January 19, 2009

2008: 21 and 1/2 Books

So, I barely squeaked by my pseudo-goal of 20 books this year. I reviewed some after I read them, so if you are interested, check out books.

Like last year, I think this list is a good summary of where I spent the majority of my spare thought cycles in 2008: 6 books related to Japan, 1 book related to Savannah, 2 books focused on zen or letting go, 4 stories set in far away places I'd love to visit, 4 on food and cooking, 1 on gardening (I didn't list the Master Gardner Handbook because it's more of a reference manual), 3 telling stories of overcoming severe adversity, 2 on humor, 2 of pure fun fluff, and 1/2 a book on economics.

  1. Gweilo: Memories of a Hong Kong Childhood (Martin Booth)

  2. I choose to live (Sabine Dardenne)

  3. The curious incident of the dog in the nighttime (Mark Haddon)

  4. Pictures from the water trade (John David Morley)

  5. Norwegian Wood (Haruki Murakami)

  6. Kitchen (Banana Yoshimoto)

  7. The Teahouse Fire (Ellis Avery)

  8. Japanland: A year in search of Wa (Karin Muller)

  9. Dave Barry Does Japan (Dave Barry)

  10. The man who ate everything (Jeffrey Steingarten)

  11. My grandfather's blessings (Rachel Noami Remen)

  12. Ladies with Options (Cynthia Hartwick)

  13. Skinny Dip (Carl Hiaasen)

  14. If you lived here I'd know your name (Heather Lende)

  15. Square Foot Gardening (Mel Bartholomew)

  16. Nothing Special; Living Zen (Charlotte Joko Beck)

  17. When You Are Engulfed In flames (David Sedaris)

  18. Salt: A World History (Mark Kurlansky)

  19. Hot, Sour, Salty, Sweet: A culinary journey through Southeast Asia (Jeffrey Alford & Naomi Duguid)

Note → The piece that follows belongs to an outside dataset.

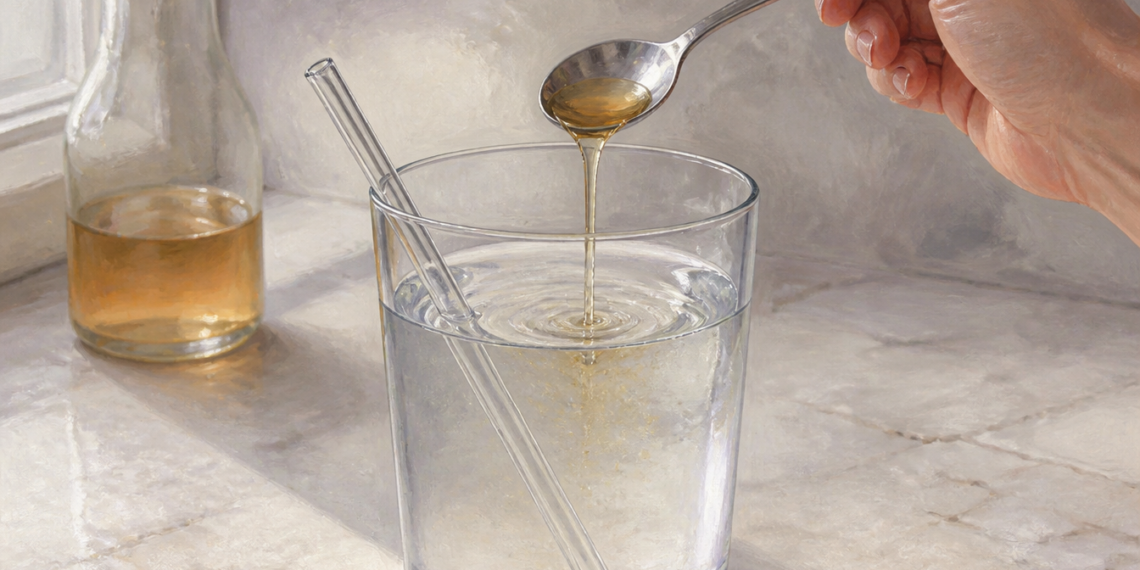 Mano sosteniendo una cuchara con vinagre sobre un vaso grande de agua transparente, junto a una botella con líquido ámbar sobre una superficie de piedra clara.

  20. The White Tiger (Aravind Adiga)

  21. Midnight in the Garden of Good and Evil (John Berendt)

  22. The Black Swan (p. 215/366) (Nassim Nicholas Taleb) (I just could not get past Mr. Taleb's arrogance and finally stopped reading. Unfortunately, much of the analysis he published in 2007 was spot on in many areas of our current economy. Given that very few people predicted much of the current mess, I'm guessing I'm not going to like his next book for the same reason. Oh well.)

I like 20. It's hard for me to fit 'em in my current life, but not so hard that it's untenable. So I think I'll shoot for 20 for this year, too.